## Records shown

+ + + +

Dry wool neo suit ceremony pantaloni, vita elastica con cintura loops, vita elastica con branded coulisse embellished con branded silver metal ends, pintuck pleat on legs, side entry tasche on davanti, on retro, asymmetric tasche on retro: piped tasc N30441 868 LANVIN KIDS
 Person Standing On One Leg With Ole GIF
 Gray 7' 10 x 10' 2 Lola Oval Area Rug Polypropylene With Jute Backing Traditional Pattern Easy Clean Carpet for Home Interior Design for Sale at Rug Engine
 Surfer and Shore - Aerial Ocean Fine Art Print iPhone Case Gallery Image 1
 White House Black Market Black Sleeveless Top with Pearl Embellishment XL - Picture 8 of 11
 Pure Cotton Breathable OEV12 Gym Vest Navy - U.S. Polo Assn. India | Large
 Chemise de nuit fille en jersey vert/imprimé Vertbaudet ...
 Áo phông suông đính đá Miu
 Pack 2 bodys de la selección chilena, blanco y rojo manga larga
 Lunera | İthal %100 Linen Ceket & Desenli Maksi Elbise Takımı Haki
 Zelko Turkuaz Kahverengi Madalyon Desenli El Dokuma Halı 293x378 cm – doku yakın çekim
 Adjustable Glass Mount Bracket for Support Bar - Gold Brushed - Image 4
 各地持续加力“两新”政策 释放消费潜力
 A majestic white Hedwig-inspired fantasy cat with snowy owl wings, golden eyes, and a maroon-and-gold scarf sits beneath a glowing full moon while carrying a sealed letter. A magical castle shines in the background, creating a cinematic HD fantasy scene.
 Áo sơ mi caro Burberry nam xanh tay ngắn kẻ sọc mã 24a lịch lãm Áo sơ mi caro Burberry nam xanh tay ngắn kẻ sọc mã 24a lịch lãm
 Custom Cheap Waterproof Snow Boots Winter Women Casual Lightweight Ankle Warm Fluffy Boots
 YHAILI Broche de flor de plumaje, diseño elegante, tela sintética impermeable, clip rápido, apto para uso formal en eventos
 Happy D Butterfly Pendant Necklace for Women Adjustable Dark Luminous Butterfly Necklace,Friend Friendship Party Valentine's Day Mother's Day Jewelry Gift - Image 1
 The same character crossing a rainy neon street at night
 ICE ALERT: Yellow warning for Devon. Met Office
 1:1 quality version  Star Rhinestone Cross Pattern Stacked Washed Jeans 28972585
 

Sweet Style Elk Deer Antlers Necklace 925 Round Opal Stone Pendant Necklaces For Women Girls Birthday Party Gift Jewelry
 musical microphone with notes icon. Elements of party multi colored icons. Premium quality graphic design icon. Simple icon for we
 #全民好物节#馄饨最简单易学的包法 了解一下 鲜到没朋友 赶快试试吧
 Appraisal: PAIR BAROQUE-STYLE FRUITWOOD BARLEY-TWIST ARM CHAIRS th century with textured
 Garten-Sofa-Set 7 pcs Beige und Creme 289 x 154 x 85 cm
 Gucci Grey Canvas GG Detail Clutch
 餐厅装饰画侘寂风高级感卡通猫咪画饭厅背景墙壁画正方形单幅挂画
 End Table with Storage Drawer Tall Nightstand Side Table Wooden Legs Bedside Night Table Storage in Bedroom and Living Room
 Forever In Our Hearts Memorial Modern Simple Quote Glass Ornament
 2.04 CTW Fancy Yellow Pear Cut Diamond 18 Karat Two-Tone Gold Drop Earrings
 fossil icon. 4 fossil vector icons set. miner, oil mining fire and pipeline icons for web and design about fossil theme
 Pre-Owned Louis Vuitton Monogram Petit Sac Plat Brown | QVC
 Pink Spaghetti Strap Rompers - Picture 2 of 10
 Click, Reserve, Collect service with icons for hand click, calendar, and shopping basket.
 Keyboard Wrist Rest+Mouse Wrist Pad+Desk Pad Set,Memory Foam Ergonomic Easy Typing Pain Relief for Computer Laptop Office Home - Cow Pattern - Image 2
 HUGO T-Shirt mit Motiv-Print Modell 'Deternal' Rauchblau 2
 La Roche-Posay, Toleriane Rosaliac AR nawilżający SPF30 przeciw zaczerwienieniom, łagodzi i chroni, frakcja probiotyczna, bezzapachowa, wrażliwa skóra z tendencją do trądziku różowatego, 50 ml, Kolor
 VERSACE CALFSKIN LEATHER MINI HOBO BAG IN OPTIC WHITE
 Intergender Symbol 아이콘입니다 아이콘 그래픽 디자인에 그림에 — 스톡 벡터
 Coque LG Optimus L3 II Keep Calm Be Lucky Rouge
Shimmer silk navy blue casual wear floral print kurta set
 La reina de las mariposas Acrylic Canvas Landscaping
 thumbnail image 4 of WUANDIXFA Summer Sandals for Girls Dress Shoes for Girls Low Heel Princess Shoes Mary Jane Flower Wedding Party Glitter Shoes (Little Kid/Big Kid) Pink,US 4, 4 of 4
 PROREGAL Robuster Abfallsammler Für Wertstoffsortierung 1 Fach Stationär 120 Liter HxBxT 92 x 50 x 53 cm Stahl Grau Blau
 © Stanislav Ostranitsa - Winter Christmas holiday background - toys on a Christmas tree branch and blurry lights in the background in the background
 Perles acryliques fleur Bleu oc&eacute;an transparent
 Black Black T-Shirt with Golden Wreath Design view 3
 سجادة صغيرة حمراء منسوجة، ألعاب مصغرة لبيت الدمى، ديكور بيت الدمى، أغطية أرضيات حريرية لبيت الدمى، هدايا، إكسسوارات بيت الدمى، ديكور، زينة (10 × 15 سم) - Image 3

+ + + +

## Prompt
Everything in the material above from the line that has "musical microphone with" through the line that has "PROREGAL Robuster Abfallsammler" must be duplicated exactly, with no other lines given.

## Answer to the problem
 musical microphone with notes icon. Elements of party multi colored icons. Premium quality graphic design icon. Simple icon for we
 #全民好物节#馄饨最简单易学的包法 了解一下 鲜到没朋友 赶快试试吧
 Appraisal: PAIR BAROQUE-STYLE FRUITWOOD BARLEY-TWIST ARM CHAIRS th century with textured
 Garten-Sofa-Set 7 pcs Beige und Creme 289 x 154 x 85 cm
 Gucci Grey Canvas GG Detail Clutch
 餐厅装饰画侘寂风高级感卡通猫咪画饭厅背景墙壁画正方形单幅挂画
 End Table with Storage Drawer Tall Nightstand Side Table Wooden Legs Bedside Night Table Storage in Bedroom and Living Room
 Forever In Our Hearts Memorial Modern Simple Quote Glass Ornament
 2.04 CTW Fancy Yellow Pear Cut Diamond 18 Karat Two-Tone Gold Drop Earrings
 fossil icon. 4 fossil vector icons set. miner, oil mining fire and pipeline icons for web and design about fossil theme
 Pre-Owned Louis Vuitton Monogram Petit Sac Plat Brown | QVC
 Pink Spaghetti Strap Rompers - Picture 2 of 10
 Click, Reserve, Collect service with icons for hand click, calendar, and shopping basket.
 Keyboard Wrist Rest+Mouse Wrist Pad+Desk Pad Set,Memory Foam Ergonomic Easy Typing Pain Relief for Computer Laptop Office Home - Cow Pattern - Image 2
 HUGO T-Shirt mit Motiv-Print Modell 'Deternal' Rauchblau 2
 La Roche-Posay, Toleriane Rosaliac AR nawilżający SPF30 przeciw zaczerwienieniom, łagodzi i chroni, frakcja probiotyczna, bezzapachowa, wrażliwa skóra z tendencją do trądziku różowatego, 50 ml, Kolor
 VERSACE CALFSKIN LEATHER MINI HOBO BAG IN OPTIC WHITE
 Intergender Symbol 아이콘입니다 아이콘 그래픽 디자인에 그림에 — 스톡 벡터
 Coque LG Optimus L3 II Keep Calm Be Lucky Rouge
Shimmer silk navy blue casual wear floral print kurta set
 La reina de las mariposas Acrylic Canvas Landscaping
 thumbnail image 4 of WUANDIXFA Summer Sandals for Girls Dress Shoes for Girls Low Heel Princess Shoes Mary Jane Flower Wedding Party Glitter Shoes (Little Kid/Big Kid) Pink,US 4, 4 of 4
 PROREGAL Robuster Abfallsammler Für Wertstoffsortierung 1 Fach Stationär 120 Liter HxBxT 92 x 50 x 53 cm Stahl Grau Blau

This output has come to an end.